La disposition attaquée produit toutefois des effets disproportionnés, en ce que la perte d’honorabilité fondée sur l’article 5, § 1er, 2°, f), de la loi du 7 décembre 2016 est illimitée dans le temps, sachant qu’il n’est même pas possible pour l’IRE d’apprécier in concreto, au-delà d’une certaine période, si l’intéressé peut à nouveau être considéré comme honorable et s’il peut dès lors à nouveau se voir octroyer la qualité de réviseur d’entreprises. Il est d’une sévérité disproportionnée de considérer que la perte d’honorabilité en tant que réviseur d’entreprises dans de tels cas serait par définition irrévocable et que l’honorabilité ne pourrait plus être rétablie dans aucune circonstance.

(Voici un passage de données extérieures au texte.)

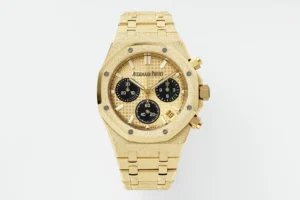 13392048313784031 Audemars Piguet Royal Oak Chrono 26240BA Frosted with a 41 mm yellow gold case, gold and black dial, and yellow gold bracelet.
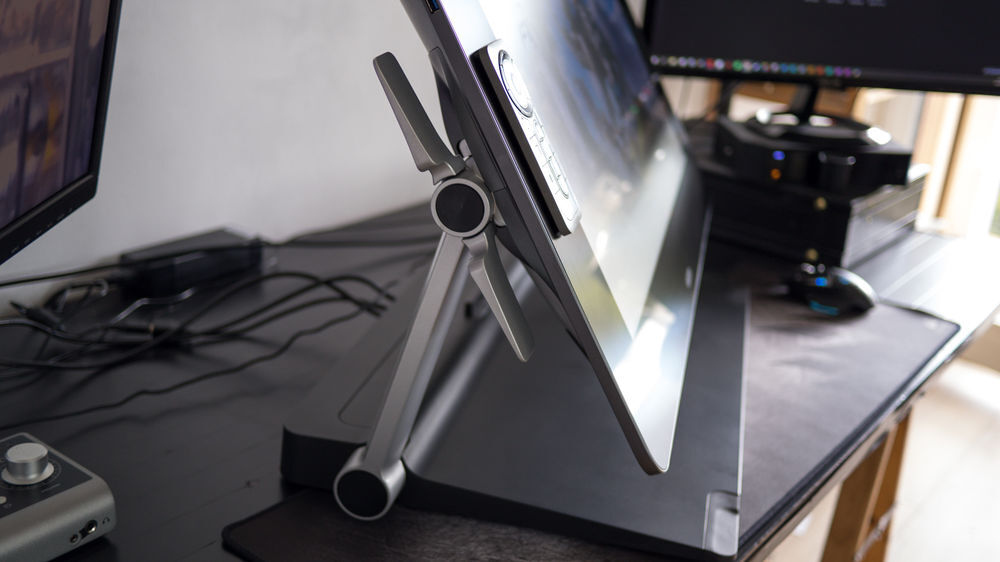 Wacom Cintiq 27" QHD TOUCH avec socle Matériel informatique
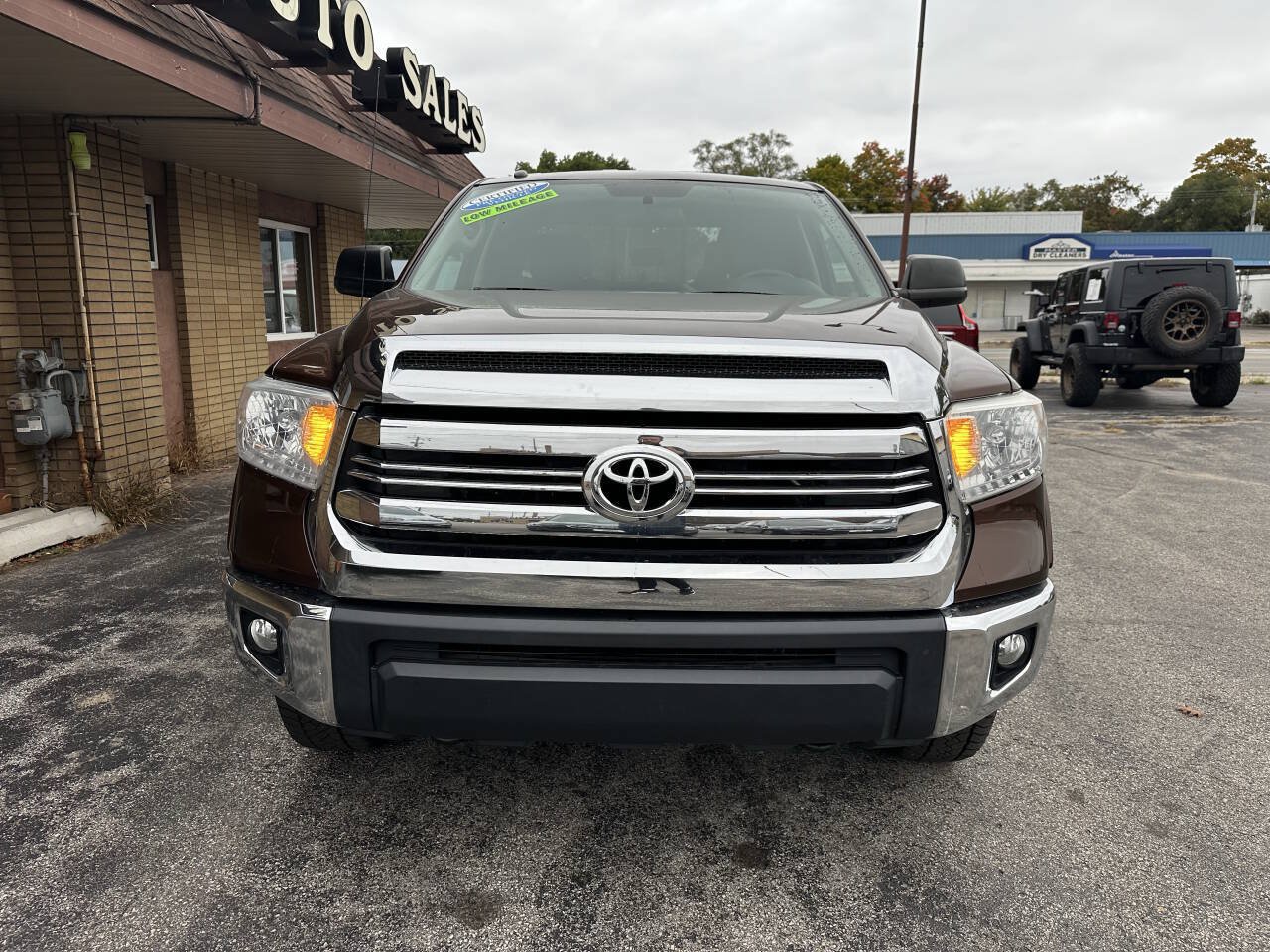 Used 2016 Toyota Tundra SR5 AWD/4WD image 3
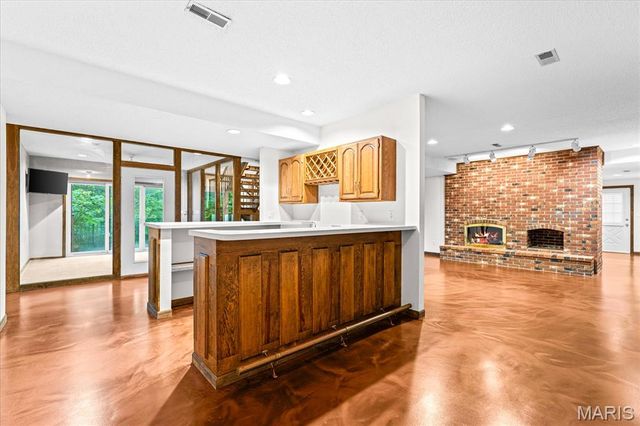 106 Suzanne Court, Edwardsville, IL 62025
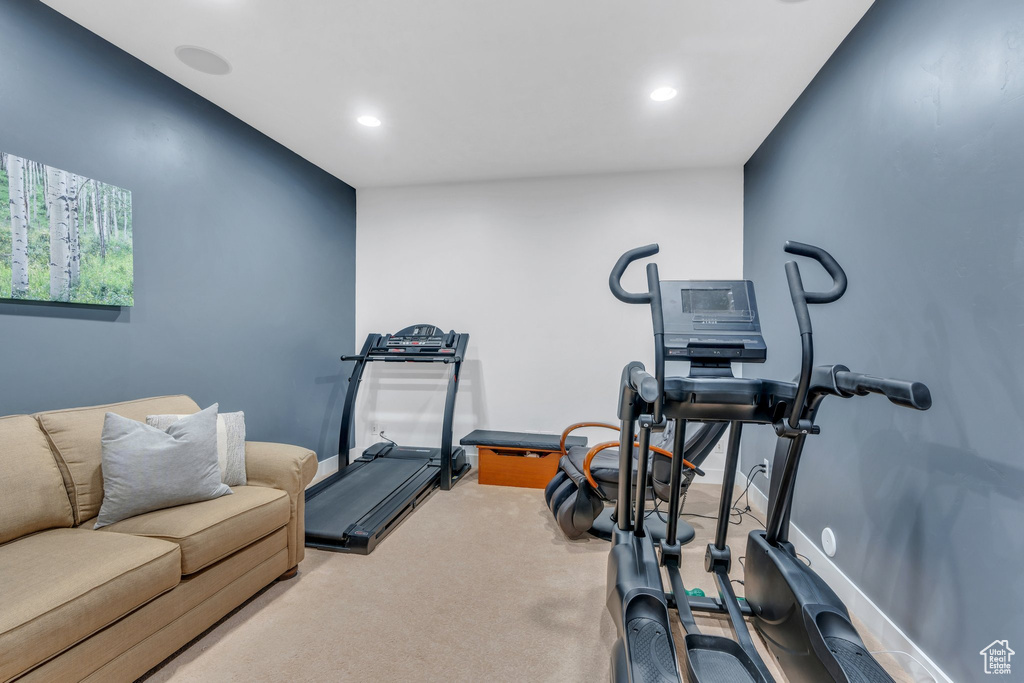 Exercise room featuring recessed lighting, carpet flooring, and baseboards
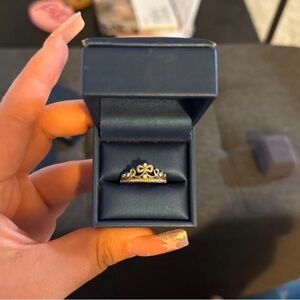 Enchanted Disney Diamond Cinderella Bow Tierra ring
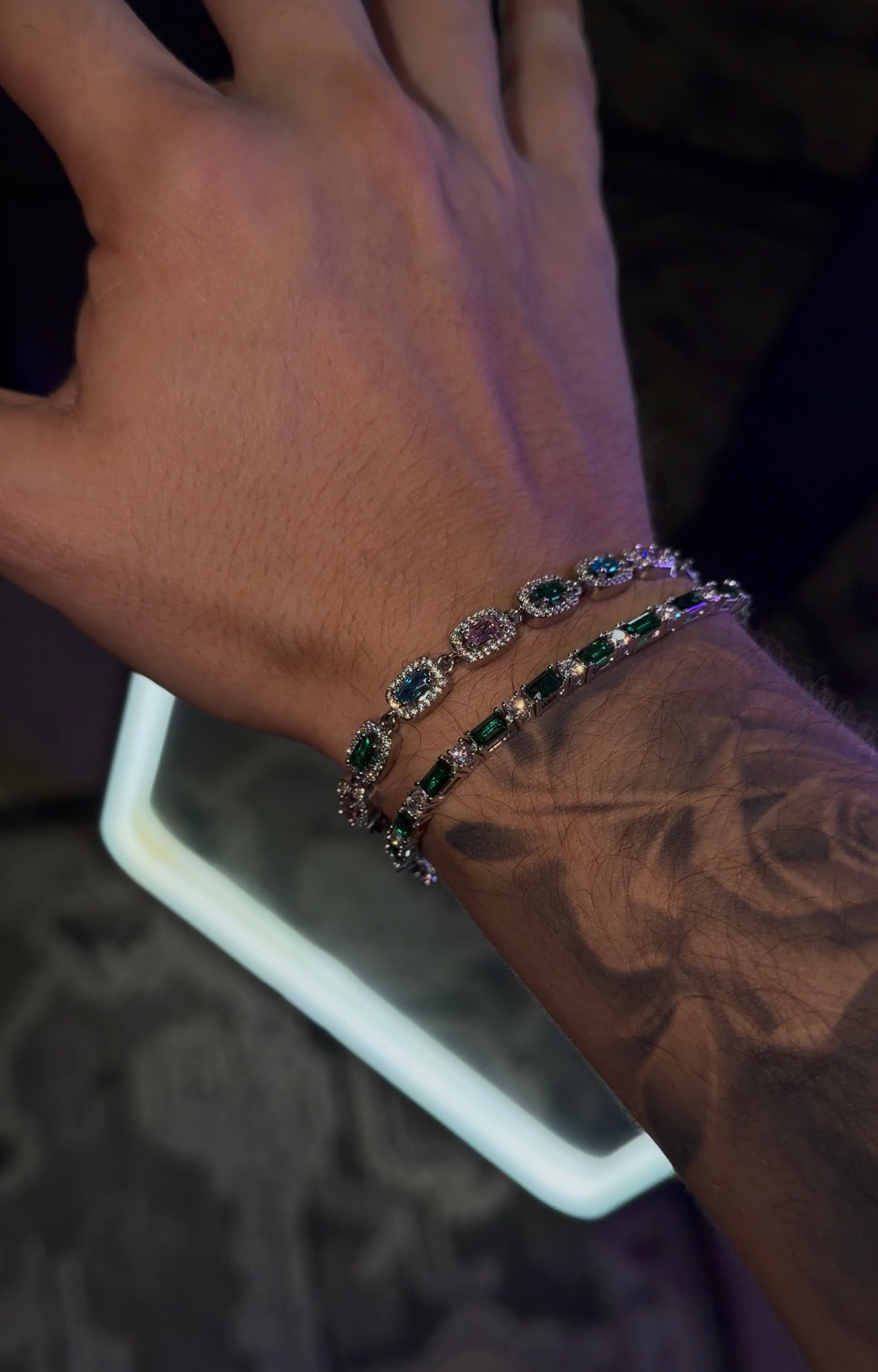 Combo dúo (dos brazaletes) 2 mm green and white tennis y multicolor gems bracelet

La Cour a également jugé qu’il n’est pas sans justification raisonnable que le législateur, en ce qui concerne les cabinets de révision, impose aux associés, aux dirigeants, aux représentants permanents et aux bénéficiaires effectifs les mêmes exigences d’honorabilité que celles qui sont applicables aux réviseurs d’entreprises-personnes physiques (art. 6, § 1er, 4°, de la loi du 7 décembre 2016). Dans ce cas, le retrait automatique de la qualité de réviseur d’entreprises d’une personne morale ou autre entité est également d’application (art. 9, § 1er, 3°, de la loi du 7 décembre 2016). Toutefois, selon la Cour, le cabinet de révision doit disposer d’un délai raisonnable pour rompre les liens avec la personne susmentionnée qui se trouve dans une des situations visées à l’article 5, § 1er, 2°, de la loi du 7 décembre 2016.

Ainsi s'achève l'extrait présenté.